= Your assignment =
Below this line are records; transcribe exactly the lines between the one holding "May include: A" and the one holding "21928 8th Place", inclusive, and omit the pictures.

= Information shown =

[Start of Attachment]

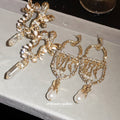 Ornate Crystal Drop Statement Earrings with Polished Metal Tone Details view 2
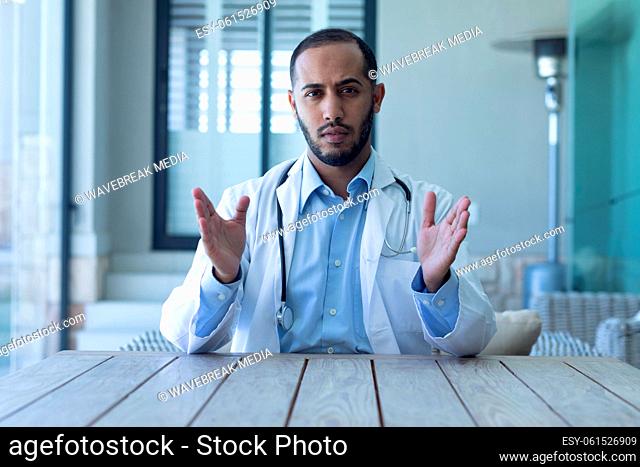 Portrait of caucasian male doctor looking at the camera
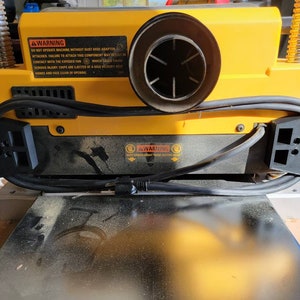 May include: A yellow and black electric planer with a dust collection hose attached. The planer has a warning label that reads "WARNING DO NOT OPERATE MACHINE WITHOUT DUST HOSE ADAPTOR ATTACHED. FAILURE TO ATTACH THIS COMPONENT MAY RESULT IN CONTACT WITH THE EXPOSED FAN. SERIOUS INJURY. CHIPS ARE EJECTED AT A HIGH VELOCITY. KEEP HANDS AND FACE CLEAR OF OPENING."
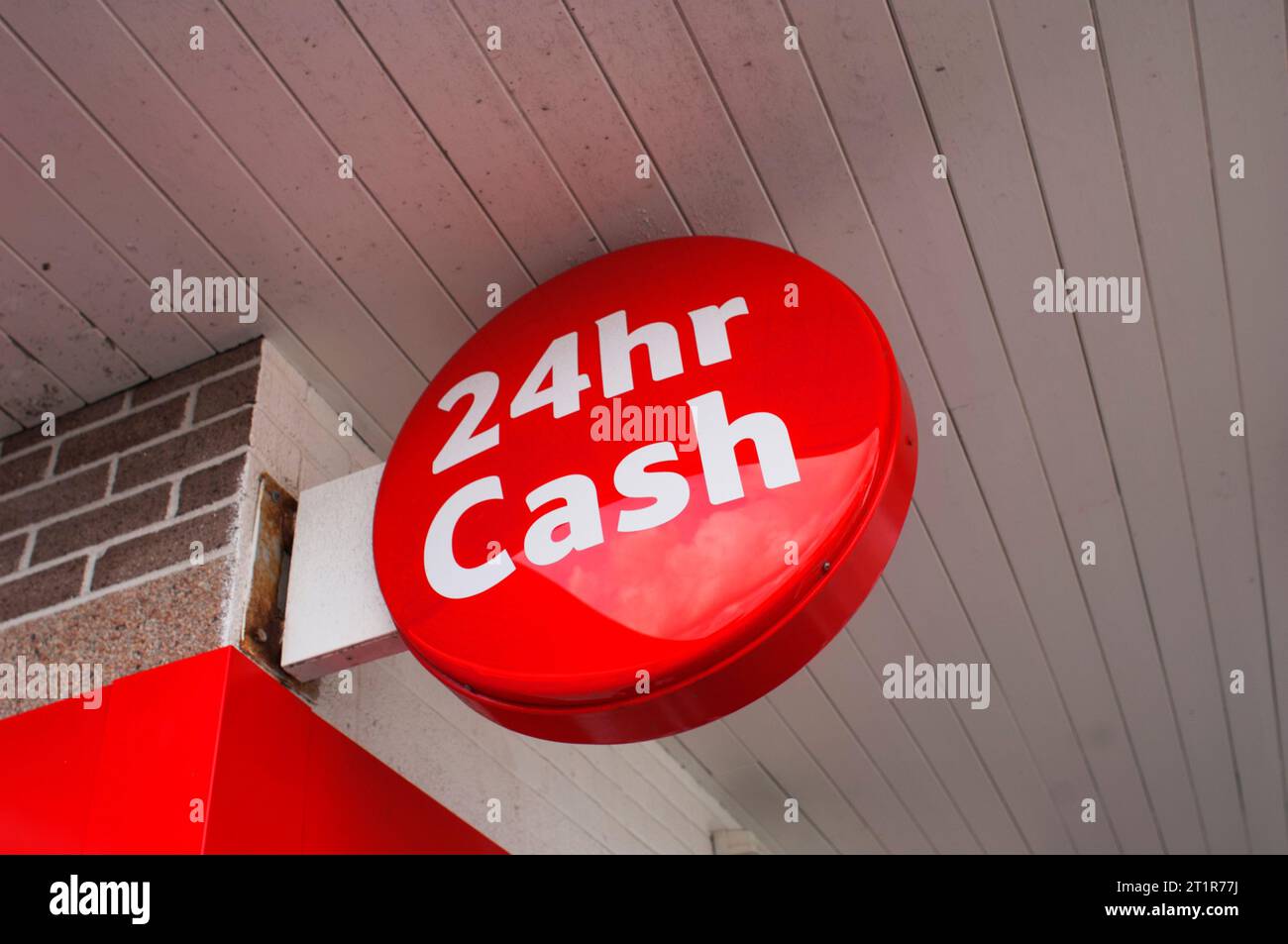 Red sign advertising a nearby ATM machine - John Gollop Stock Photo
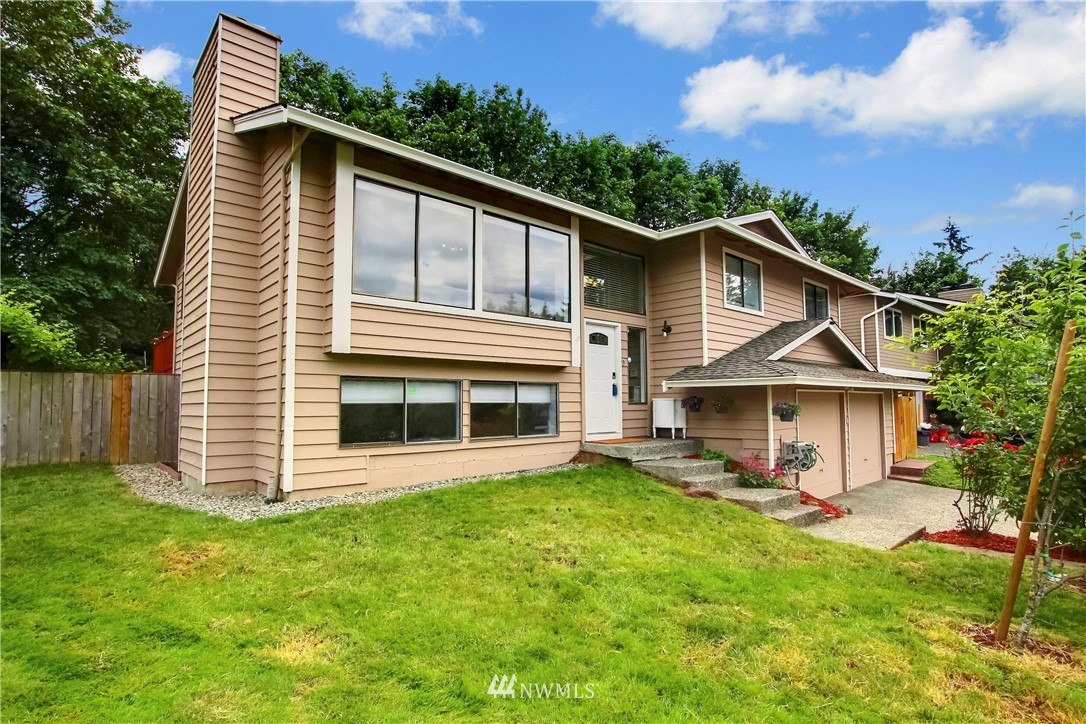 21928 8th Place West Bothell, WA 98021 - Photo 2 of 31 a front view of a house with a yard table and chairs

[End of Attachment]
[Start of Attachment]

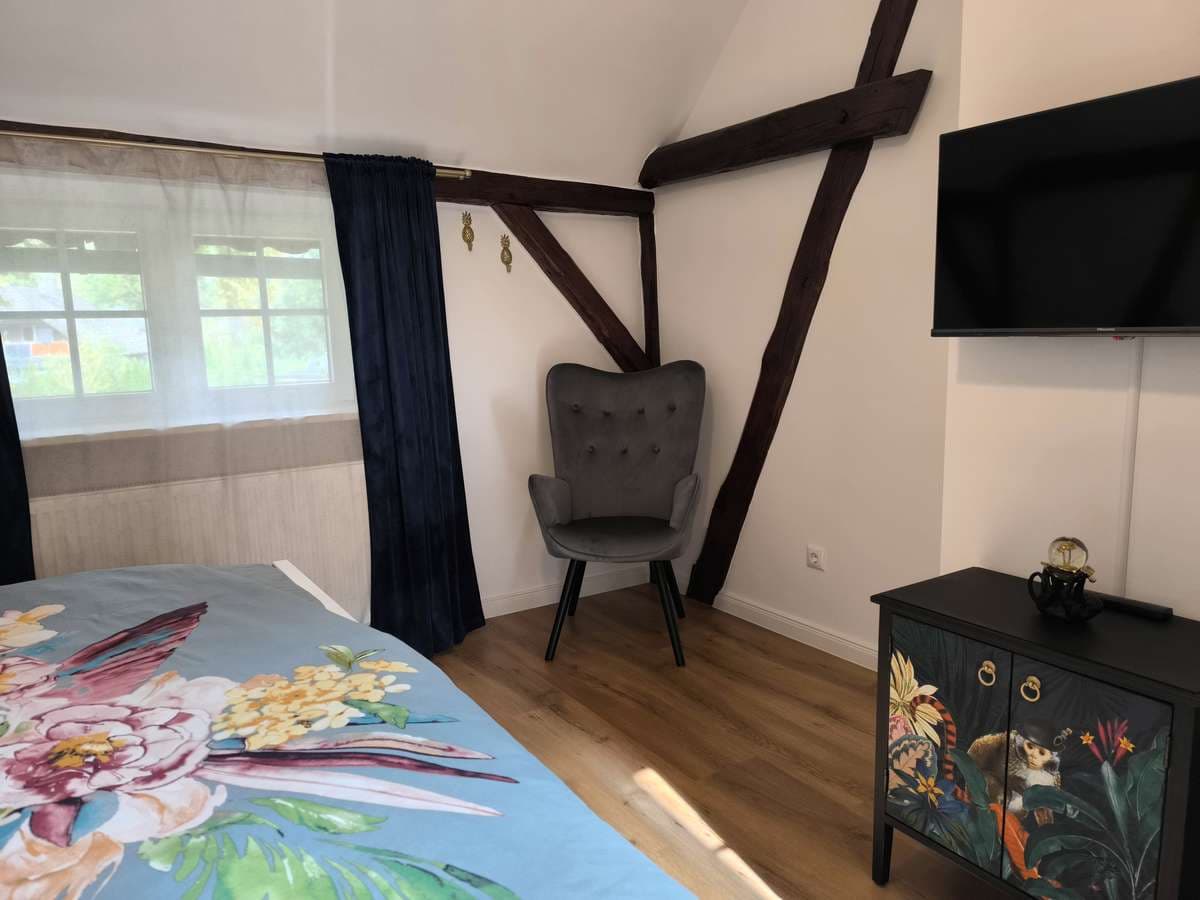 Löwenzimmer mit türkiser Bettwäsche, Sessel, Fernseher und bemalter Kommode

[End of Attachment]

= Written solution =
 May include: A yellow and black electric planer with a dust collection hose attached. The planer has a warning label that reads "WARNING DO NOT OPERATE MACHINE WITHOUT DUST HOSE ADAPTOR ATTACHED. FAILURE TO ATTACH THIS COMPONENT MAY RESULT IN CONTACT WITH THE EXPOSED FAN. SERIOUS INJURY. CHIPS ARE EJECTED AT A HIGH VELOCITY. KEEP HANDS AND FACE CLEAR OF OPENING."
 Red sign advertising a nearby ATM machine - John Gollop Stock Photo
 21928 8th Place West Bothell, WA 98021 - Photo 2 of 31 a front view of a house with a yard table and chairs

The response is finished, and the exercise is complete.